Brief ▸ An exact copy of the entries, with every picture omitted, is what is needed here.

[Brief descriptive captions]
+++

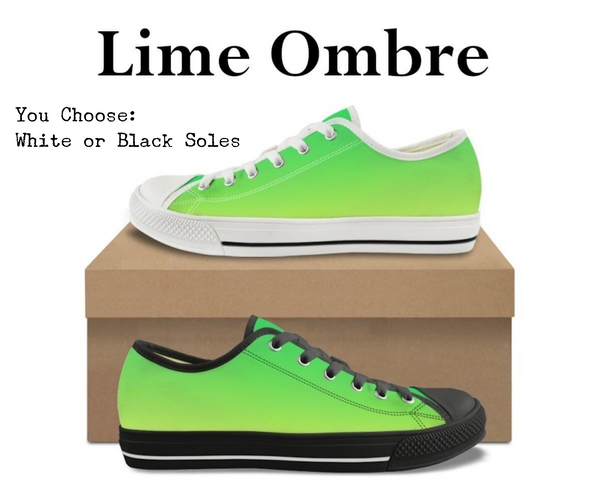 Ombre Lime Kitty Kicks™️ CANVAS LOW TOP SHOES **REQUEST A PREORDER INVOICE** ($5 deposit will be applied to your full invoice)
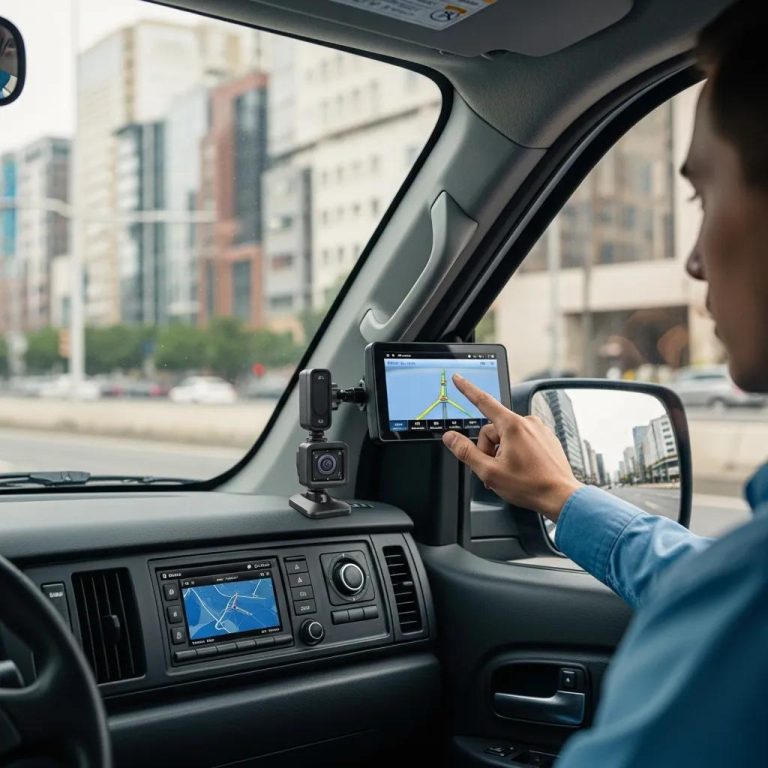 Fleet vehicle with integrated GPS and camera systems in an urban setting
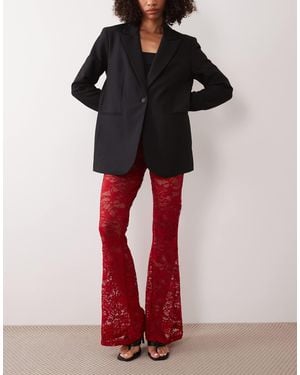 Never Fully Dressed Lace Wide Leg Pants - Red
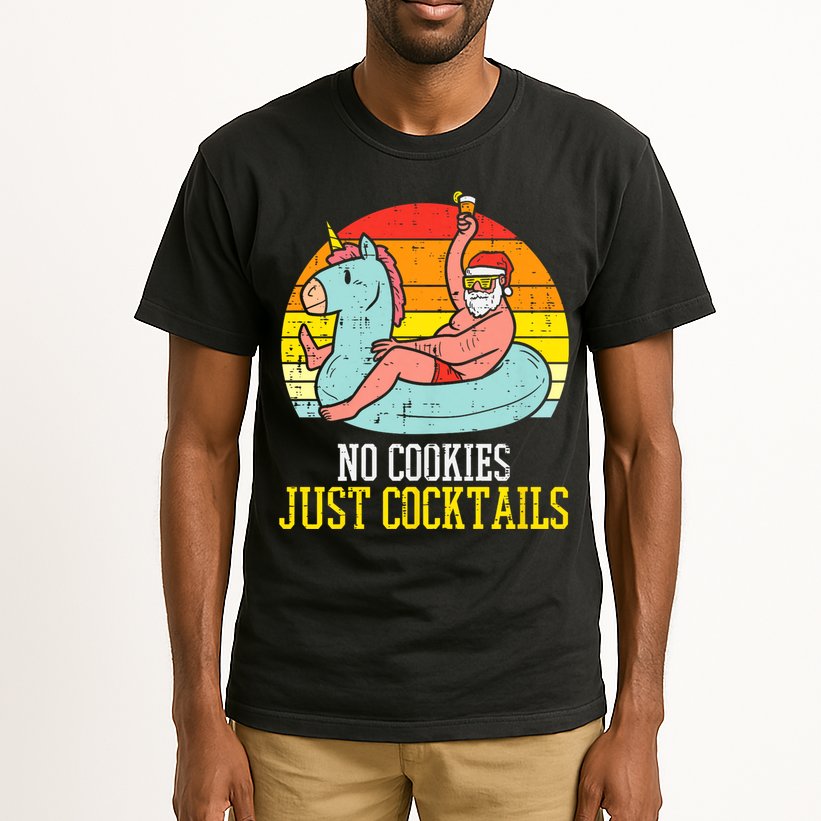 No Cookies Cocktails Santa Summer Christmas In July Xmas Tall T-Shirt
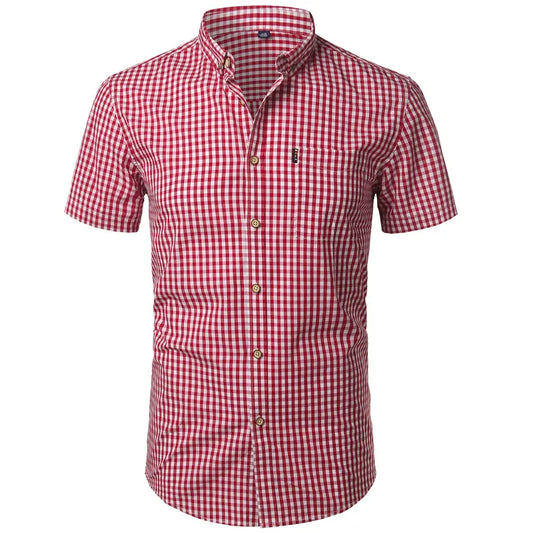 Mens Red Small Plaid Shirts Summer Short Sleeve Cotton Dress Shirts Business Casual Button Down Chemise Homme Camisa Masculina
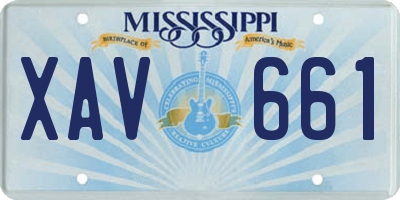 MS license plate XAV661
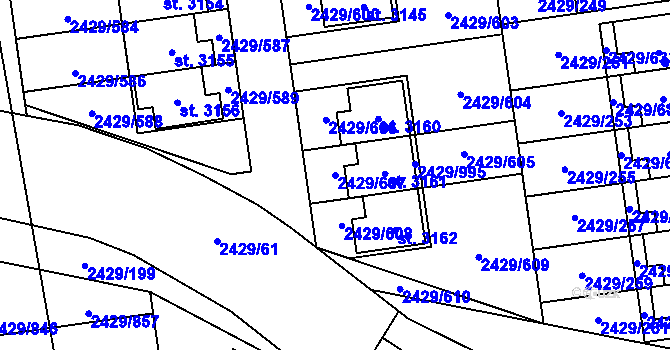 Parcela st. 2429/607 v KÚ Valcha, Katastrální mapa
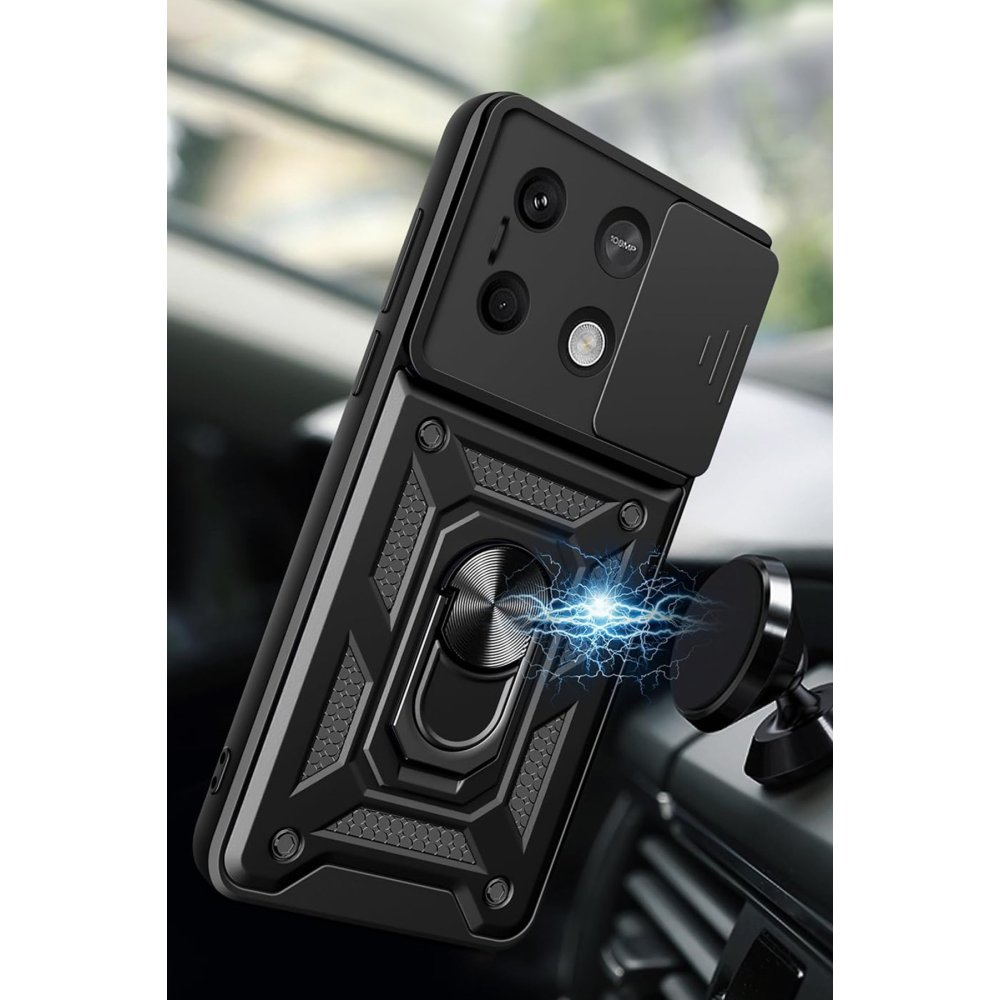  Xiaomi Poco M6 Pro 4G Kılıf Pars Lens Yüzüklü Silikon - Kırmızı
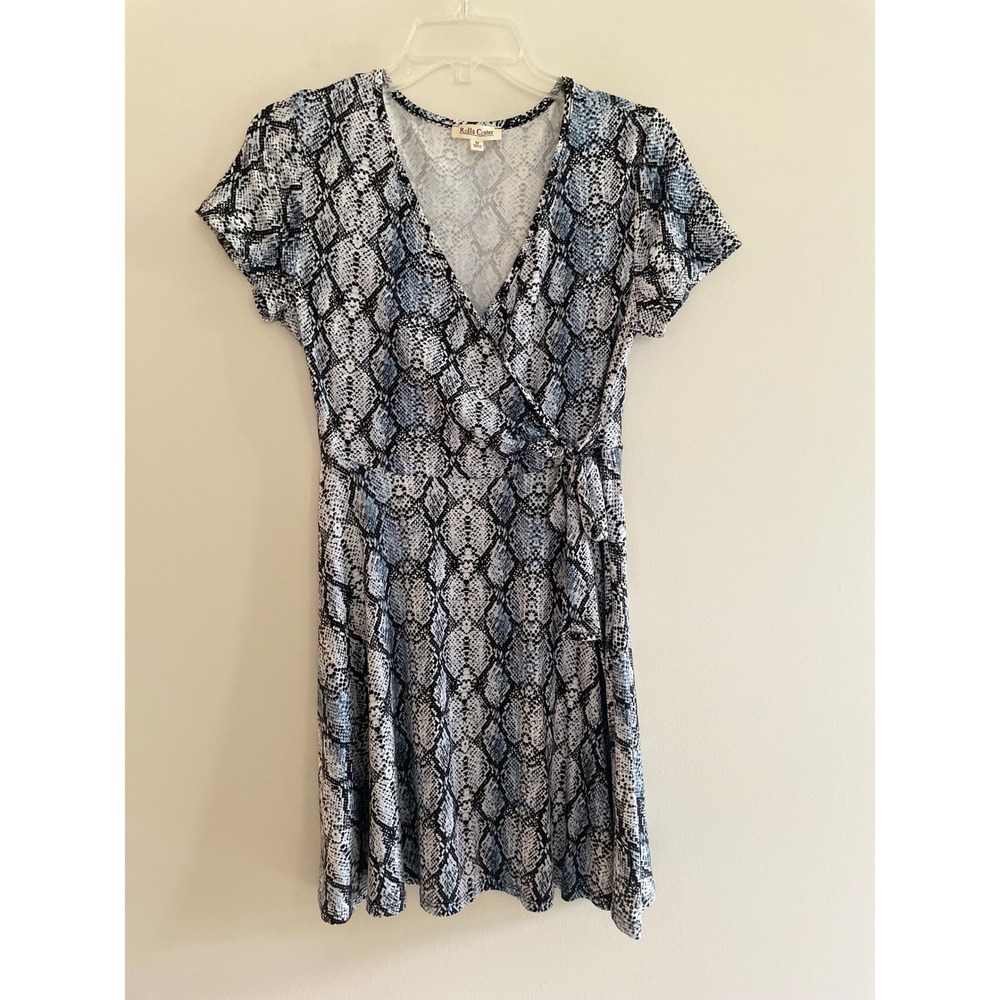 Rolla Coster Blue Snakeskin Print Short Sleeve Faux Wrap Dress Medium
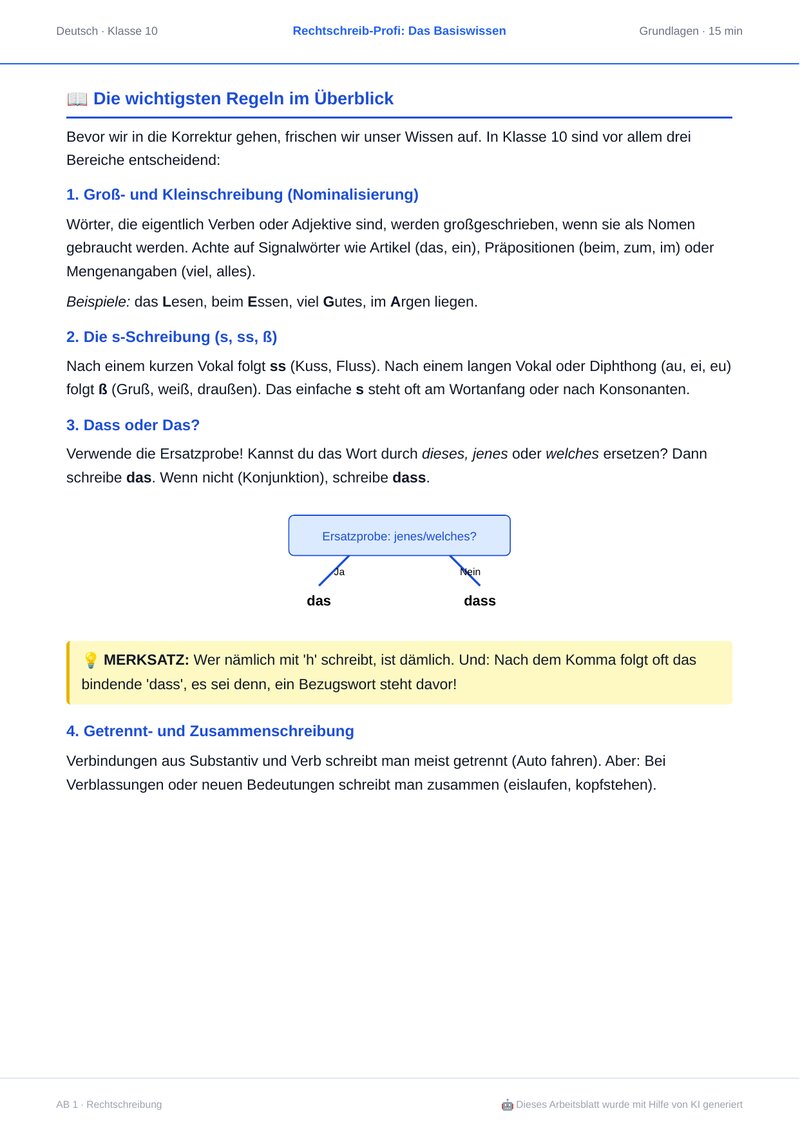 Arbeitsblatt Deutsch Klasse 10: Rechtschreibung – KI-generiert mit SchoolPrep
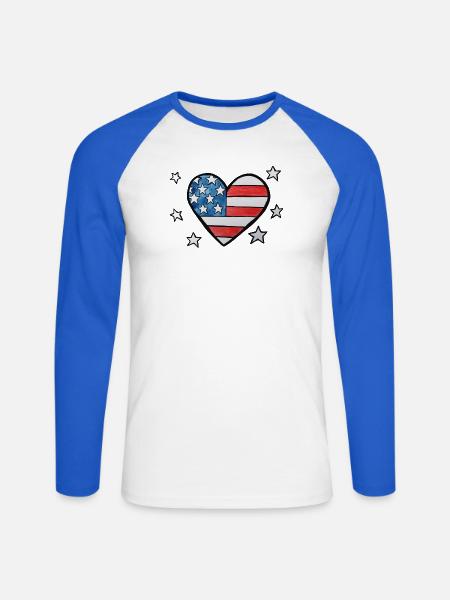 Patriotisches Sternen-und-Streifen-Herz - Unisex Baseballshirt langarm - Weiß/Royalblau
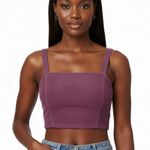 ZARA  Textured Crop Top Womens L Purple Square Neck Stretch Clean Girl Minimalist Photo 0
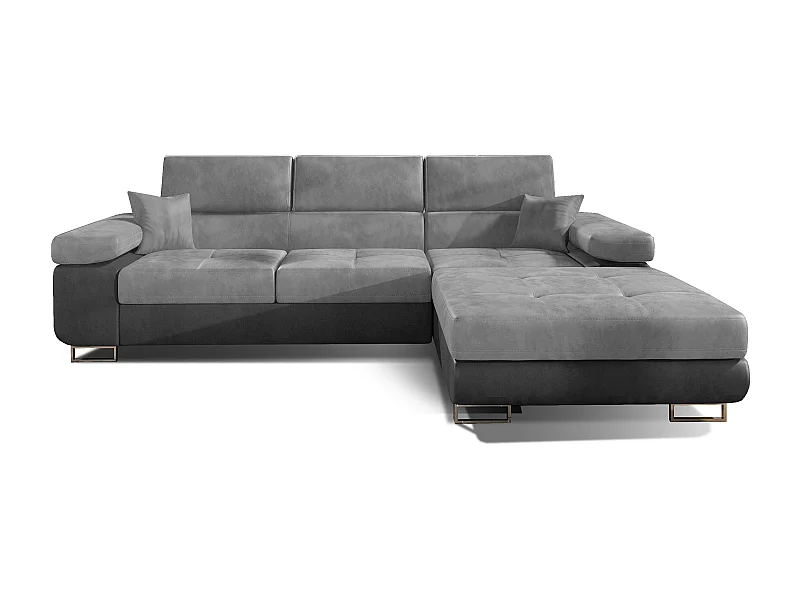 Canapé convertible d'angle droit velours gris clair et gris anthracite avec rangement Wile 280cm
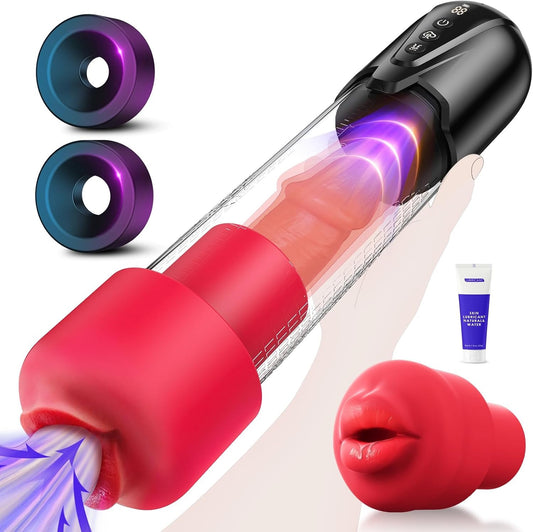 Red Fury Armour Sex Toys for Men Penis Pumps - Male Masturbator with Automatic Electric Sucking Enlargement- Vibration & SuctionStroker Penis Extender Oral Sex Toys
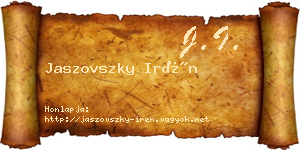 Jaszovszky Irén névjegykártya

+++

Your solution ▸
 Ombre Lime Kitty Kicks™️ CANVAS LOW TOP SHOES **REQUEST A PREORDER INVOICE** ($5 deposit will be applied to your full invoice)
 Fleet vehicle with integrated GPS and camera systems in an urban setting
 Never Fully Dressed Lace Wide Leg Pants - Red
 No Cookies Cocktails Santa Summer Christmas In July Xmas Tall T-Shirt
 Mens Red Small Plaid Shirts Summer Short Sleeve Cotton Dress Shirts Business Casual Button Down Chemise Homme Camisa Masculina
 MS license plate XAV661
 Parcela st. 2429/607 v KÚ Valcha, Katastrální mapa
  Xiaomi Poco M6 Pro 4G Kılıf Pars Lens Yüzüklü Silikon - Kırmızı
 Rolla Coster Blue Snakeskin Print Short Sleeve Faux Wrap Dress Medium
 Arbeitsblatt Deutsch Klasse 10: Rechtschreibung – KI-generiert mit SchoolPrep
 Patriotisches Sternen-und-Streifen-Herz - Unisex Baseballshirt langarm - Weiß/Royalblau
 ZARA  Textured Crop Top Womens L Purple Square Neck Stretch Clean Girl Minimalist Photo 0
 Canapé convertible d'angle droit velours gris clair et gris anthracite avec rangement Wile 280cm
 Red Fury Armour Sex Toys for Men Penis Pumps - Male Masturbator with Automatic Electric Sucking Enlargement- Vibration & SuctionStroker Penis Extender Oral Sex Toys
 Jaszovszky Irén névjegykártya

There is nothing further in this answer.